[PATCH 19/19] combine-diff: speed it up, by using multiparent diff tree-walker directly

[Date Prev][Date Next][Thread Prev][Thread Next][Date Index][Thread Index]

 



As was recently shown in "combine-diff: optimize
combine_diff_path sets intersection", combine-diff runs very slowly. In
that commit we optimized paths sets intersection, but that accounted
only for ~ 25% of the slowness, and as my tracing showed, for linux.git
v3.10..v3.11, for merges a lot of time is spent computing
diff(commit,commit^2) just to only then intersect that huge diff to
almost small set of files from diff(commit,commit^1).

In previous commit, we described the problem in more details, and
reworked the diff tree-walker to be general one - i.e. to work in
multiple parent case too.

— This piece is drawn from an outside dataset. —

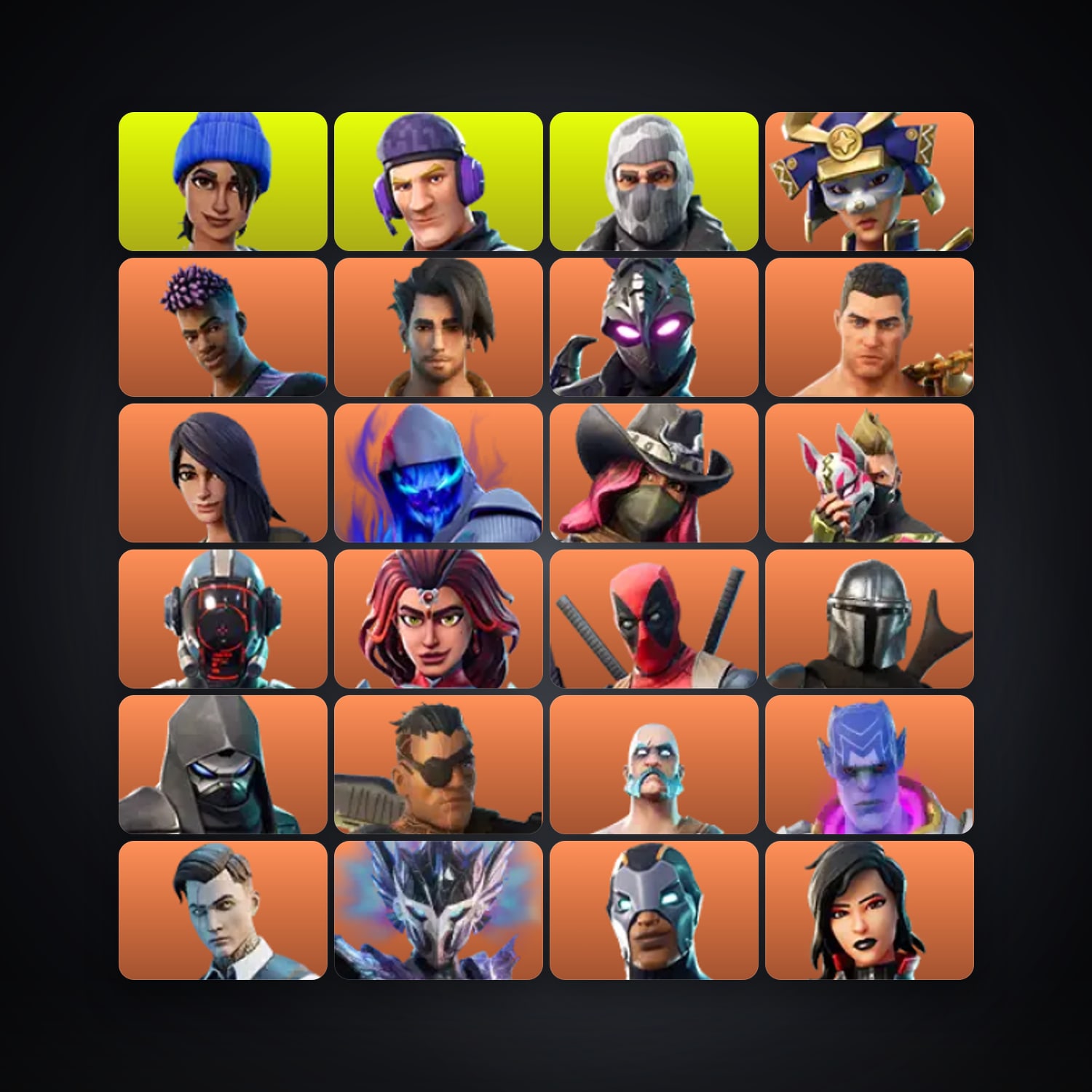 Epic — HabibiAccounts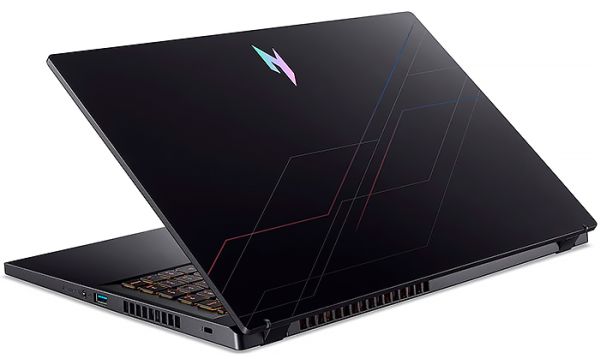 Новый ноутбук Acer Nitro V 15 ANV15-52 Black 15.6" 165Гц FHD IPS Core 5-210H RTX 3050 6GB 16GB DDR5 512GB SSD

Now is the time to take advantage of it for
finding paths for combine diff.

The implementation is straightforward - if we know, we can get generated
diff paths directly, and at present that means no diff filtering or
rename/copy detection was requested(*), we can call multiparent tree-walker
directly and get ready paths.

(*) because e.g. at present, all diffcore transformations work on
    diff_filepair queues, but in the future, that limitation can be
    lifted, if filters would operate directly on combine_diff_paths.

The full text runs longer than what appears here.